Secondly, I’ll review the class structure in the home.  Aristotle says, “The first and fewest possible parts of a family are master and slave, husband and wife, father and children.”[1]

The man of the house seems to be lord and king in Greek Household Codes.  Peter and Paul come along and change all of that.

To the Greeks, the wife does not rank any higher than the head butler.  Peter and Paul return the wife’s role to help meet.  This is probably one of the origins for women’s rights from a historical standpoint.

To the Greeks, children are on the same level as household servants.  Unlike the Greeks, Paul talks directly to children as Christians.  Paul also cautions fathers and parents with the injunction, don’t be overbearing.

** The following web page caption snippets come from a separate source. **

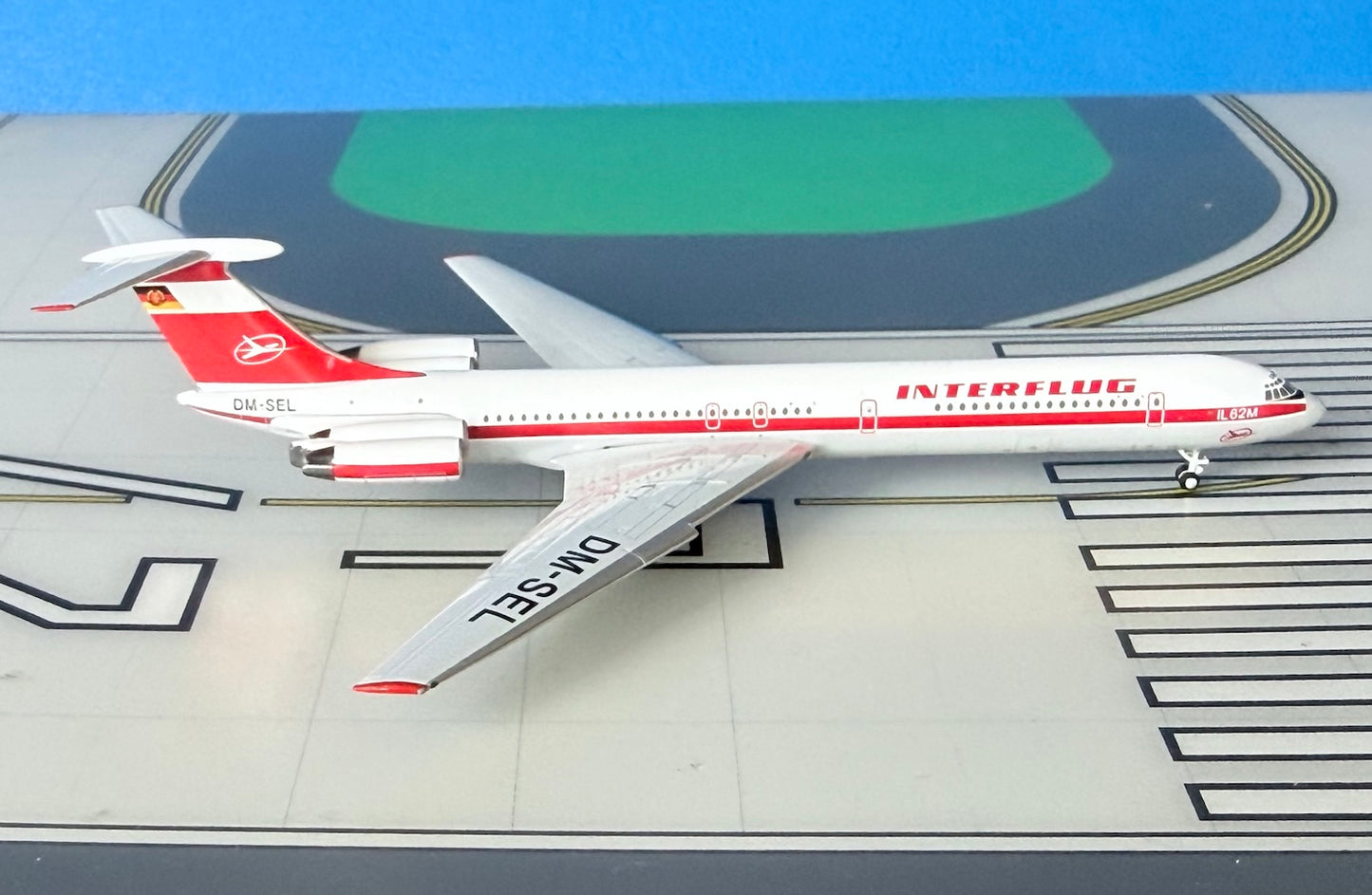 Interflug llyushin IL-62M DM-SEL 1980s colors 1:400 scale diecast Phoenix Models
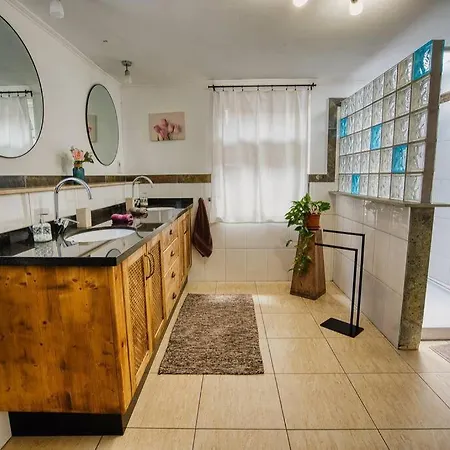 La Casa De Al Lado Σπίτι διακοπών *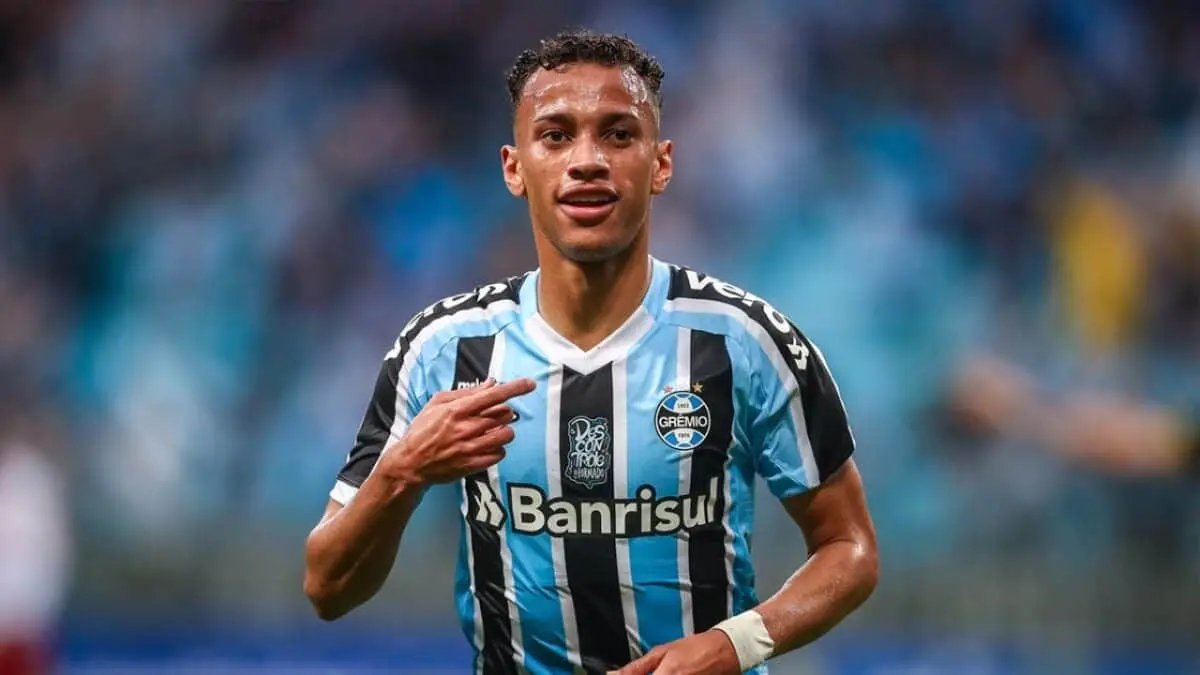 Grêmio recusa proposta pelo meio-campista Bitello - Foto: Portal do Gremista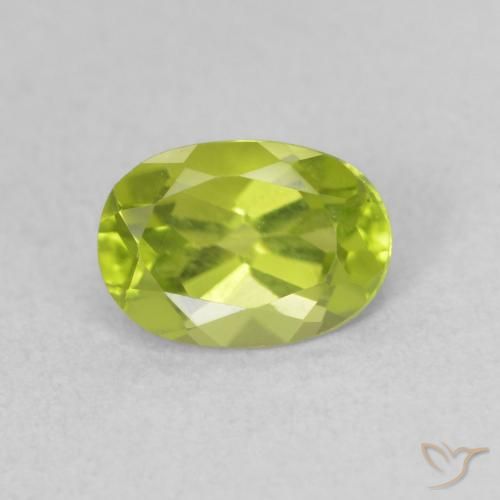 Péridot Vert jaunâtre vif naturelle ovale, 0.98 ct, VS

If the man of the house would obey Peter and Paul’s House Rules, he would be a true light in that day and age.

iii. Removing barriers

Third, let’s try to remove the barriers with the term “slave.”  For the record, we really can’t understand true slavery.

However, “slave” can also be translated as bondservant.  Bondservant is a better translation of the Greek term doulos.

In ancient Israel there are laws in place to protect servants.  God does not want his people to be servants to each other.  So if a servant works for 6 years, then he is free to leave on the 7th year.  However, if he chooses to remain because he likes working for his master’s family or business, he can choose to stay for the rest of his life.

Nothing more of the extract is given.